Volume Lift: A volume spike on the Doji day, followed by bullish follow-through, lifts the pattern into a bullish surge.
Pre-Trade Checklist
Lift the Proof: Pair the pattern with volume spikes and indicators like RSI to dodge fakes and boost your odds.
Key Points
- Shadow Clarity: A long lower shadow with a near-zero body boosts reliability - short shadows dilute it.

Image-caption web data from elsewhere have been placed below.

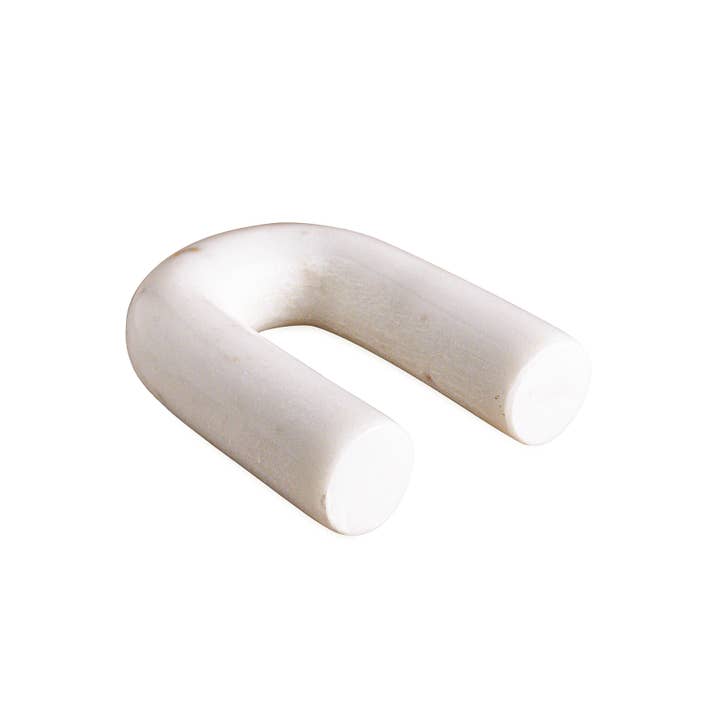 BIDKhome - Wholesale Decorative Figurine - Sm. White Marble Arch Figurine
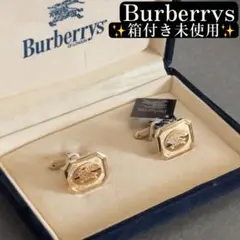 箱付き未使用✨Burberrys カフスリンクス　カフスボタン　ホースロゴ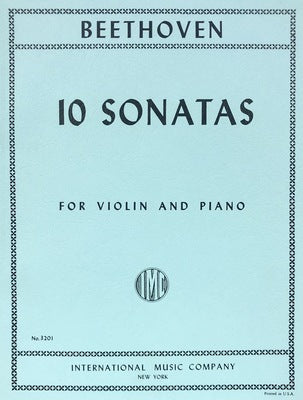 BEETHOVEN - 10 SONATAS FOR VIOLIN/PIANO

- Time Frame: Lifts strongest on daily or weekly charts after downtrends.
- Combine with Indicators: Use moving averages or RSI to confirm the reversal.
- Breakout Confirmation: A close above the Doji’s high sets the turn - don’t jump on the Doji alone.
- Price Target: Measure the lower shadow height or use resistance levels for a target above the close.
- Risk Management: Set a stop-loss below the Doji’s low to limit losses if it fails.
Wait for the Lift: Acting before confirmation risks a Doji trap - let the reversal take flight.
Conclusion
The Dragonfly Doji pattern is a trader’s hopeful tool for catching bullish reversals. Its dragonfly hover, paired with volume, RSI, and moving averages, can lift into big gains. Whether in crypto, stocks, or forex, this pattern sharpens your edge. Stay alert, manage your risk, and let the Doji land - that rejected plunge could rise into a winning trade.